Corinthian Capital from the Agora at Athens.

CC Photo Flickr User Eustaquio Santimano
Corinth.jpg

The town and isthmus of Corinth from the Acropolis, Greece, 1887.

(Photo by The Print Collector/Print Collector/Getty Images)
Corinth.jpg

Corinthian columns at the Temple of Octavia in the ancient city of Corinth, Greece, November 1961.

(Photo by Harvey Meston/Archive Photos/Getty Images)

Corinth is the name of an ancient Greek polis (city-state) and nearby isthmus that lent its name to a a set of Panhellenic games, a war, and a style of architecture. In works attributed to Homer, you may find Corinth referred to as Ephyre.

Corinth in the Middle of Greece

That it is called 'isthmus' means it is a neck of land, but the Isthmus of Corinth serves as more of an Hellenic waist separating the upper, mainland part of Greece and the lower Peloponnesian parts. The city of Corinth was a rich, important, cosmopolitan, commercial area, having one harbor that allowed trade with Asia, and another that led to Italy. From the 6th century B.C., the Diolkos, a paved route up to six meters wide designed for fast passage, led from the Gulf of Corinth on the west to the Saronic Gulf on the east.

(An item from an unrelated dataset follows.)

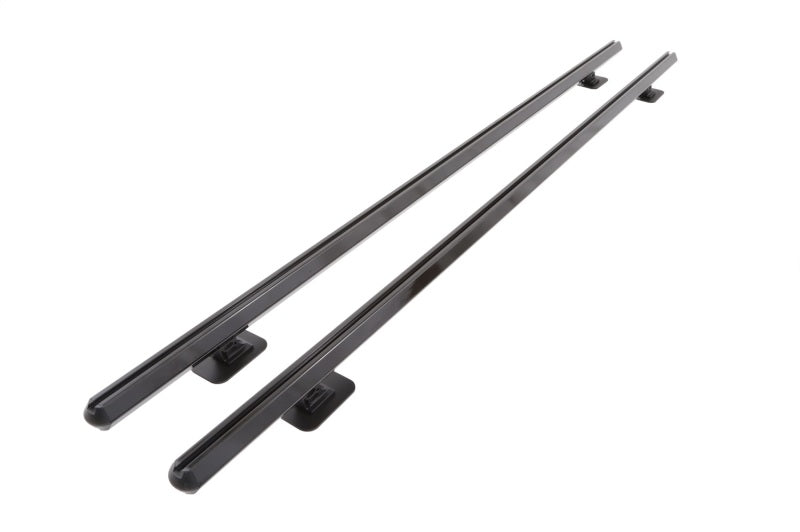 Deezee 14-23 Chevrolet Silverado Hex Series Side Rails - Gloss Black 6 1/2Ft Bed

"Corinth is called 'wealthy' because of its commerce, since it is situated on the Isthmus and is master of two harbours, of which the one leads straight to Asia, and the other to Italy; and it makes easy the exchange of merchandise from both countries that are so far distant from each other."
Strabo Geography 8.6

Passage from the Mainland to the Peloponnese

The land route from Attica into the Peloponnese passed through Corinth. A nine-kilometer section of rocks (the Sceironian rocks) along the land route from Athens made it treacherous -- especially when brigands took advantage of the landscape -- but there was also a sea route from the Piraeus past Salamis.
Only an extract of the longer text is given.